FCC Moves To Free Up 40 mHz Of Satellite Spectrum For Mobile Broadband
March 22, 2012 at 4:00 AM (PT)
The FCC has proposed rules that would open up 40 mHz of 2 GHz Mobile Satellite Service spectrum for use by mobile broadband services. The move, which asks the public for comment on how to free up more spectrum for mobile broadband, follows a recommendation in the National Broadband Plan that the Commission enable the provision of stand-alone terrestrial services in that slice of spectrum, renamed AWS-4.
Chairman JULIUS GENACHOWSKI said, "Addressing the growing demand for spectrum use is hard work, and freeing up spectrum for broadband isn’t easy, and that is why we must pursue multiple strategies to unleash spectrum for broadband.
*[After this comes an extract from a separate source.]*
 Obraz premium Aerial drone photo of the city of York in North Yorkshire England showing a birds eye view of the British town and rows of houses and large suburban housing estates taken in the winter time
Removing outdated rules to free up spectrum is one of many the Commission has been and will continue to use."
Commissioner ROBERT MCDOWELL commended GENACHOWSKI for proposing the rule changes, noting, "The Commission has a checkered past of micromanaging spectrum use only to find years later that technical innovation and market demands have evolved past the government’s myopic view. Exploring ways to allow for dynamic uses of valuable frequencies while preventing harmful interference to other licensees and users is a laudable goal." He also lauded the inclusion of a proposal from the NTIA to reallocate 1695-1710 MHz from federal to commercial use.
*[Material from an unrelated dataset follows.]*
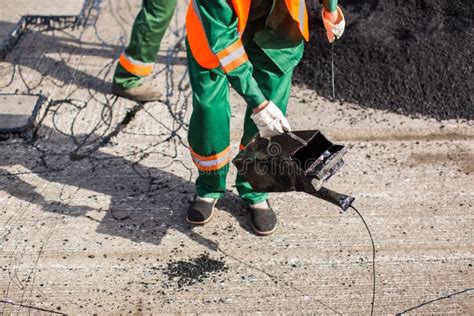 The Man Working Asphalt Pouring Tar For Road Repair Stock Photo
And Commissioner MIGNON CLYBURN highlighted "the proposal to provide AWS-4 licensees with flexibility to provide any fixed or mobile service that is consistent with the allocations for this spectrum. I support giving licensees the dexterity to adjust to market conditions. This principle serves the public interest when licensees use this flexibility, in order to provide consumers with greater competition, more products and services, and lower prices."